Material provided:
++++++++
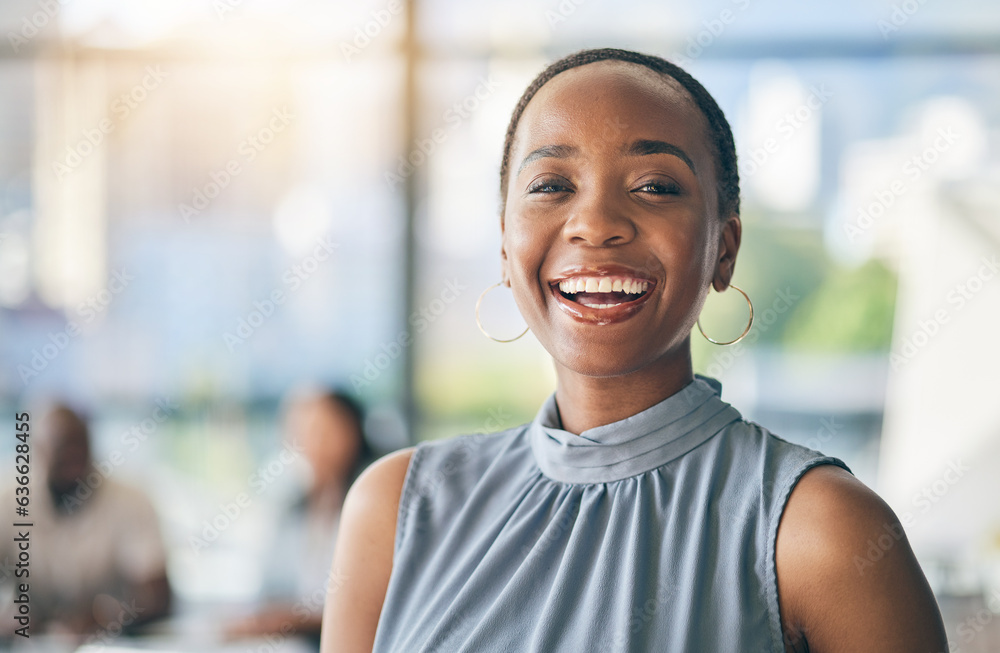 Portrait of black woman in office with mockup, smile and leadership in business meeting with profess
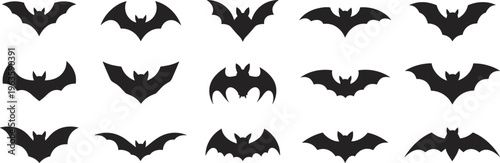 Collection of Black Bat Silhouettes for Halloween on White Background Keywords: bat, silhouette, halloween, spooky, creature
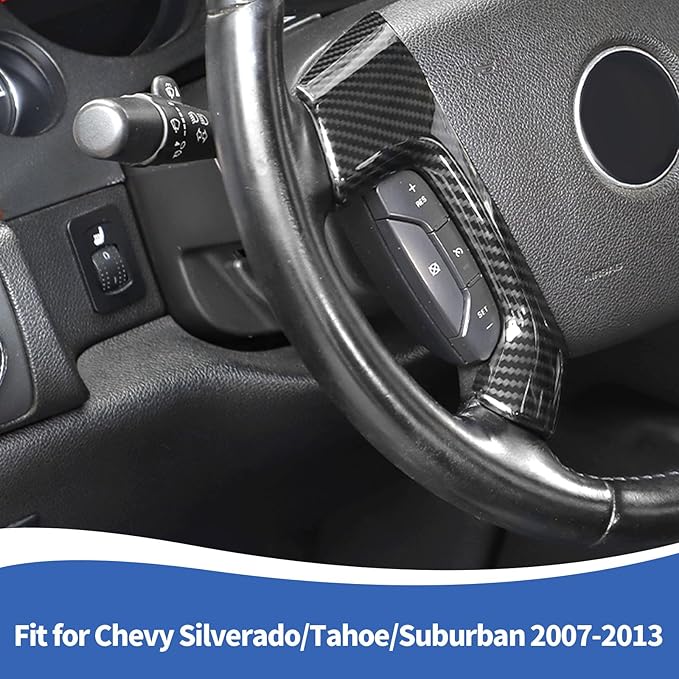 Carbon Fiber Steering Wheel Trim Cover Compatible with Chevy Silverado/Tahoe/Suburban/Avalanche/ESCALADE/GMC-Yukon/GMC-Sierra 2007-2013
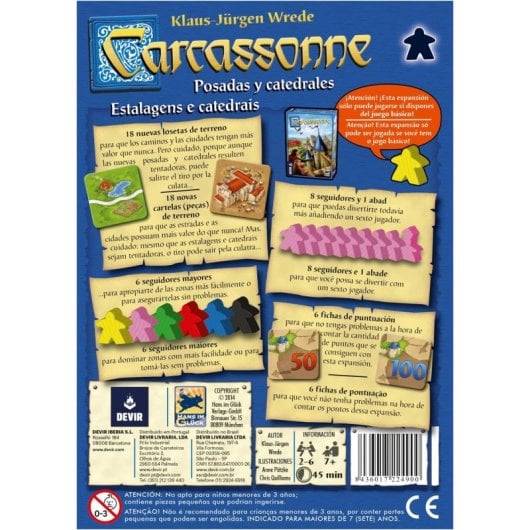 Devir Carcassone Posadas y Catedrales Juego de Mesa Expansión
++++++++
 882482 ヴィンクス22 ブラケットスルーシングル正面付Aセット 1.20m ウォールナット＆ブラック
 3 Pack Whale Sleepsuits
++++++++
Task goal:
Everything from the line above that contains "Collection of Black" down to the line that contains "Devir Carcassone Posadas" must be reproduced exactly, both ends included. Omit the pictures.

Task output:
 Collection of Black Bat Silhouettes for Halloween on White Background Keywords: bat, silhouette, halloween, spooky, creature
 Carbon Fiber Steering Wheel Trim Cover Compatible with Chevy Silverado/Tahoe/Suburban/Avalanche/ESCALADE/GMC-Yukon/GMC-Sierra 2007-2013
 Devir Carcassone Posadas y Catedrales Juego de Mesa Expansión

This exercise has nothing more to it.